The rupee experienced a 0.63% decline, hitting a new all-time low of Rs299 against the dollar in the interbank market on Tuesday, as per data from the State Bank of Pakistan.
This marked the third consecutive session of losses for the currency. However, industry insiders indicated that the dollar was trading above the official rate. Previously, on May 11, the rupee had touched its record low of 298.93, shortly after the arrest of former Prime Minister Imran Khan.
Afterward, the local currency strengthened to around Rs275.44 on July 4, following the previous government’s success in securing a short-term $3 billion loan agreement with the International Monetary Fund.
Nevertheless, it has been on a downward trajectory since then, coming close to breaching the Rs300 mark on Tuesday.
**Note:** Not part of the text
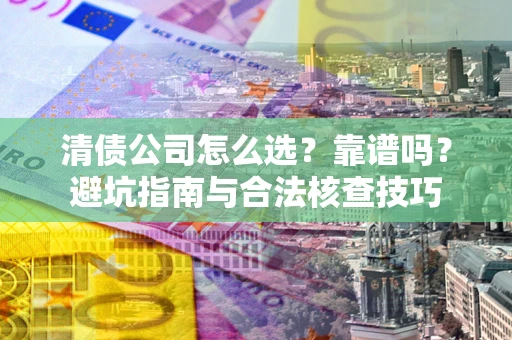 济南清债公司怎么选？靠谱吗？避坑指南与合法核查技巧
When asked about the rapid increase in the dollar’s value, currency traders in the interbank market attributed it to a significant imbalance between the demand for and supply of dollars.
Atif Ahmed, an interbank currency dealer, noted that apart from import pressures, the backlog of containers awaiting clearance had intensified the demand. He explained that certain banks were capitalizing on this by offering dollars to importers.
Importers grappling with backlogs of 50 to 100 containers were reportedly paying up to Rs500,000 per container to banks in order to access dollars and release their shipments. Banking professionals estimated that addressing the backlog could require up to $5 billion, which would subsequently be reflected in the import bill over the upcoming months. July’s import bill was $4.219 billion, compared to June’s $3.177 billion, indicating a significant increase of $1.042 billion.
However, bankers highlighted that arranging opening letters of credit (LCs) remained problematic for importers, as banks were responsible for securing dollars prior to issuing these letters. Under the Standby Arrangement with the IMF, the government is obligated to permit unrestricted imports.
In the previous fiscal year (2022-23), the preceding administration curtailed imports, resulting in savings of up to $22 billion and contributing to the reduction of the current account deficit from $17.5 billion to $2.5 billion compared to the previous year.
Despite this achievement, the decrease in imports led to a sluggish economic growth rate of 0.29% in fiscal year 2023, in contrast to the 6% growth in the prior fiscal year. A senior banker noted that the demand for dollars was rapidly outpacing the supply, making it practically unfeasible for all banks to facilitate LCs for imports.
Additionally, remittance inflows and export earnings reportedly declined in July, and the State Bank was reluctant to draw from its reserves due to debt servicing obligations. Pakistan was anticipated to require $25 billion for debt servicing in the ongoing fiscal year.
Zafar Paracha, the General Secretary of the Exchange Companies Association of Pakistan (ECAP), highlighted that the State Bank was employing a cautious approach to protect the economy from external pressures, which was impacting its reserve management. He expressed optimism that once the backlog was cleared, the demand for dollars would decrease, leading to a stable exchange rate.
On Tuesday, ECAP reported the dollar rate at Rs306, signifying an overnight increase of Rs2. Reports indicated that numerous money changers, barring a few larger entities, were profiting from the grey market by selling dollars at rates significantly higher than those offered by exchange companies’ associations. Grey market rates were reported to be Rs15 to Rs18 per dollar higher than interbank rates and Rs8 to Rs10 higher than open market rates.
An official from a currency exchange firm acknowledged the practice of certain money changers benefiting from the grey market by selling dollars at inflated prices compared to the rates issued by exchange companies’ associations.